Estimating average effects in regression discontinuities with covariate interactions

2016-01-27

Regression discontinuity designs (RDDs) are now a widely used tool for program evaluation in economics and many other fields. RDDs occur in situations where some treatment/program of interest is assigned on the basis of a numerical score (called the running variable), all units scoring above a certain threshold receiving treatment and all units scoring at or below the threshold having treatment withheld (or vice versa, with treatment assigned to units scoring below the threshold). This mechanism provides a way to identify the marginal average treatment effect (MATE): the average effect of treatment assignment for units on the cusp of the threshold.

RDDs are appealing for a couple of reasons. First and foremost, RDD-like mechanism occurs all over the place, since providing treatment on the basis of a numerical measure of need/eligibility is a natural way to allocate resources. Furthermore, analysis of the designs is straight-forward, as it involves nothing more complicated than a linear regression model, estimated using (weighted or un-weighted) least squares, and which can be represented graphically using a simple scatterplot. Things get a little bit more complicated if you are trying to account for imperfect compliance with treatment assignment—as in the “fuzzy” RDD—but for the moment let me focus on “sharp” RDDs.

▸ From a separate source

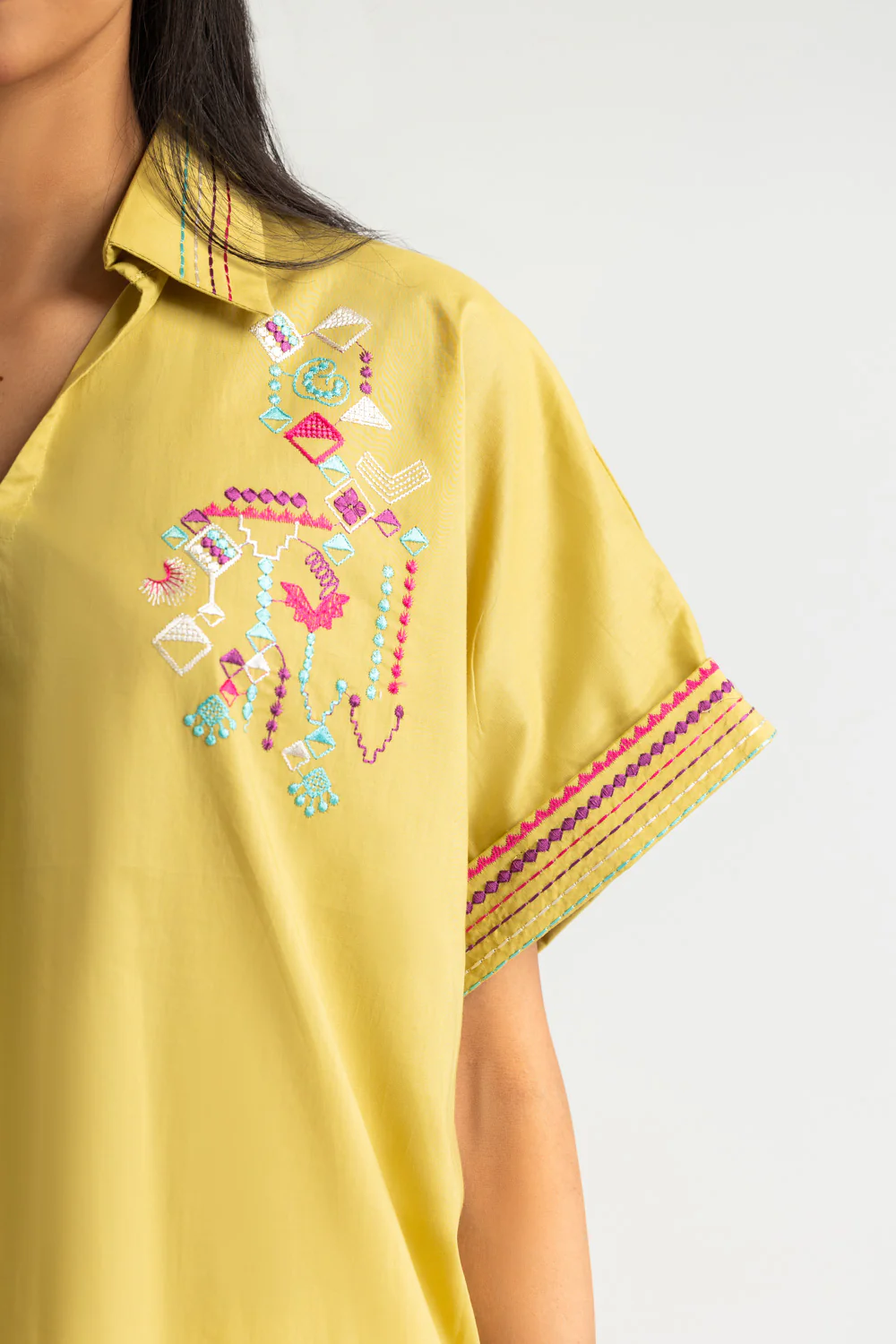 Cambric Embroidered Co-Ord Set - Image 2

The simplest approach to estimating the MATE is to use a local linear regression in the neighborhood of the threshold, with the outcome regressed on the running variable, treatment indicator, and their interaction. However, in practice it is quite common to also include additional covariates in the local linear regression. If the covariates are also interacted with the treatment indicator, there is no longer a single regression coefficient corresponding to the treatment effect. In my last post, I suggested a “centering trick” for estimating the MATE based on a model that included covariate-by-treatment interactions. In this post, I’ll explain the reasoning behind this proposal.

G’day, MATE

I think it’s helpful to start by thinking about the definition of the MATE in non-parametric terms. Let \(R\) be the running variable, assumed to be centered at the threshold; \(T\) be an indicator for treatment assignment, with \(T = I(R > 0)\); and \(X\) be a covariate, which may be vector-valued. Denote the potential outcomes as \(Y^0\) (a unit’s outcome if not assigned to treatment) and \(Y^1\) (a unit’s outcome if assigned to treatment), so that the observed outcome is \(Y = Y^0 (1 - T) + Y^1 T\). Now consider the potential response surfaces

\[\begin{aligned}\mu_0(x, r) &= \text{E}\left(\left.Y^0 \right|X = x, R = r\right) \\ \mu_1(x, r) &= \text{E}\left(\left.Y^1 \right|X = x, R = r\right).\end{aligned}\]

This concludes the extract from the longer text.